名簿の原本は組合金庫から出さず、二十六人それぞれへ無作為の番号を振った連絡票だけを受け取ることにした。住所を知る担当はボーデと組合書記、訪問する者は封を開いた一件だけを見る。直し屋に戻るころには、使い終えた住所票を一枚ずつ組合へ返し、応答の有無だけ番号で管理する。面倒な手順だが、聞くために得た住所が別の商売や噂へ流れることを防ぐには必要だった。
「私の屋敷の書記を使えば、もっと早い」とライナルト様が言った。
「王家に住所を渡す許可は取っていません」
「そうだった。では使わない」
彼は善意を退けられた顔をせず、条件を一つ覚えた顔をした。何度断っても、次の提案まで遠ざからない。その変化が、私はありがたかった。
「そうでなければ、六十六軒へ同じ封筒は送りません」
会議を終え、ライナルト様と階段を下りた。彼は一度も私の盾にならなかったが、席にいるだけで親方たちの言葉が慎重になったことも事実である。
「私がいない方がよかったか」
「いいえ。あなたがいる時に何が変わるかも、記録します」
「私は、数えられる側か」
「私もです」
「今日、私が黙っていても、八人は私を見て話した」
「はい。ですから次の聞き取りには、あなたがいる回といない回を作ります。どちらを望むか、相手に先に訊きます」
階段の踊り場で、彼は灰色の襟へ手をやった。私が整えなくても、もう自分で折れを直せる。その手が一瞬止まったので、同じ場にいるだけで影響を与える自分を、また遠ざける理由にするのではないかと思った。

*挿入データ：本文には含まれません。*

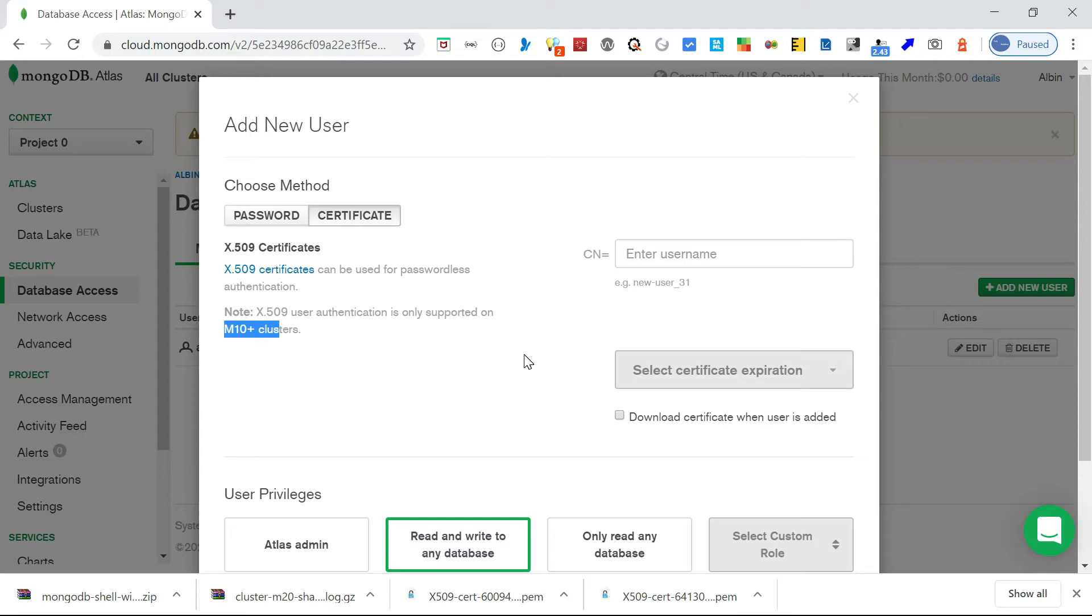We can pause the cluster whenever we are not using or even we can terminate it. But if you are pausing the cluster, the cluster will be re-enabled after 30 days. If you are not doing any operation within 30 days, automatically it will be re-enabled. But if you are terminating, it will be completely terminated.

「いない方を選ばれても、聞くのをやめないでください」と私は言った。
「あなたが、私に来るなと言ってもか」
「その面会には来ないでください。でも、次に来てよいと言われた場所まで、ご自分を消さないでください」
彼は襟から手を下ろし、「難しい注文だ」と答えた。簡単に従うとは言わなかったことに、かえって私は安堵した。
二十六人の名簿は軽かった。そこに書かれた人が、同じ結論を持つとは限らない。その違いを潰さず聞くことが、次の仕事になった。